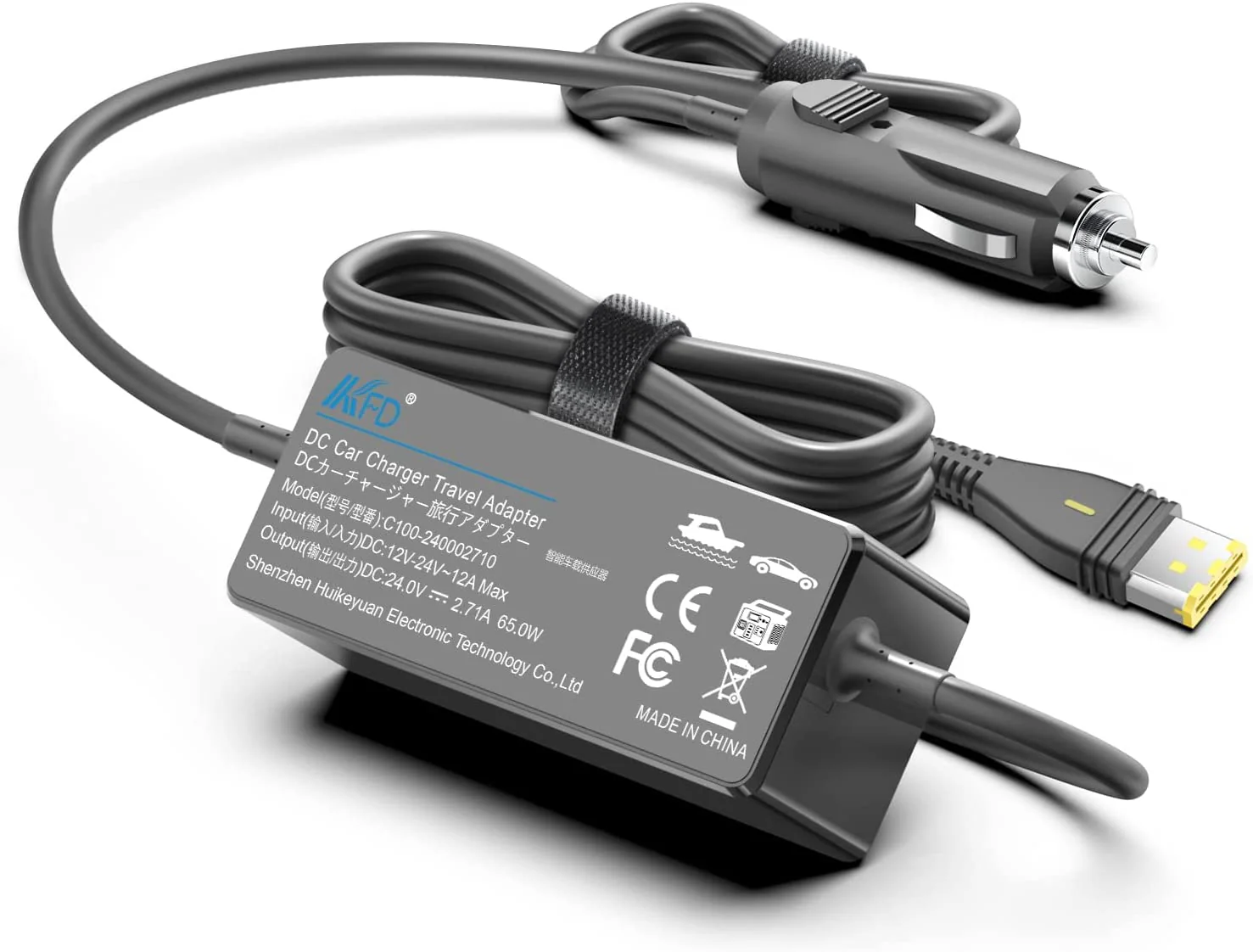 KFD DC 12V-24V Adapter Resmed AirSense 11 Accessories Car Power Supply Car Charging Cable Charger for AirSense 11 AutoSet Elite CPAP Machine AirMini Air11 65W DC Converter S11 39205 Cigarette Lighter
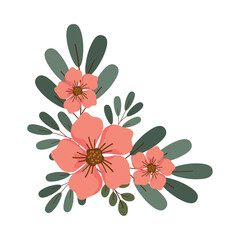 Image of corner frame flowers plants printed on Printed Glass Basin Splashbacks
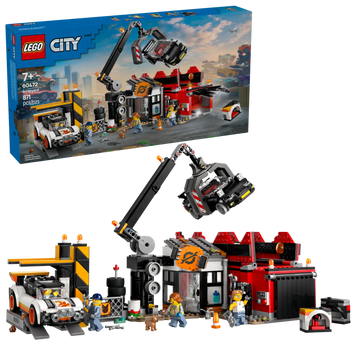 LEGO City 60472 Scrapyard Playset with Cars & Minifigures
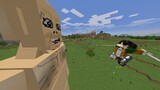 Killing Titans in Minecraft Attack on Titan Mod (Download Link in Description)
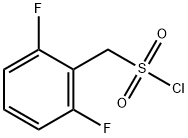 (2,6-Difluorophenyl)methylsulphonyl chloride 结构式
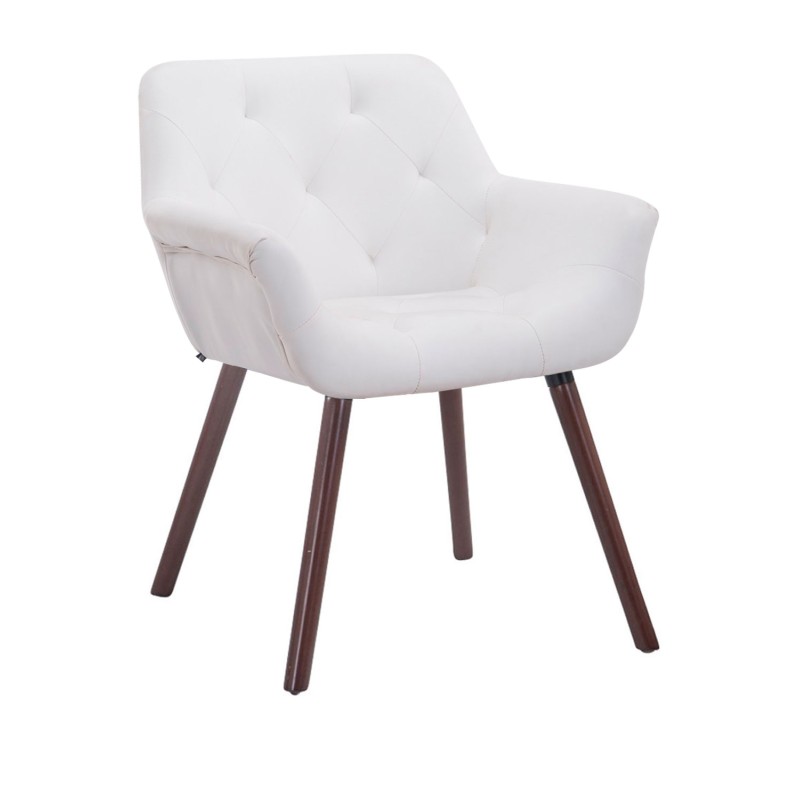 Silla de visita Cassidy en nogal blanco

···

## [Task to carry out]
The result should be a transcript of the lines from the line containing "Killing Titans in" through the end of the listing above, exact, inclusive, and without pictures.

## [Task answer]
 Killing Titans in Minecraft Attack on Titan Mod (Download Link in Description)
 (2,6-Difluorophenyl)methylsulphonyl chloride 结构式
 Silla de visita Cassidy en nogal blanco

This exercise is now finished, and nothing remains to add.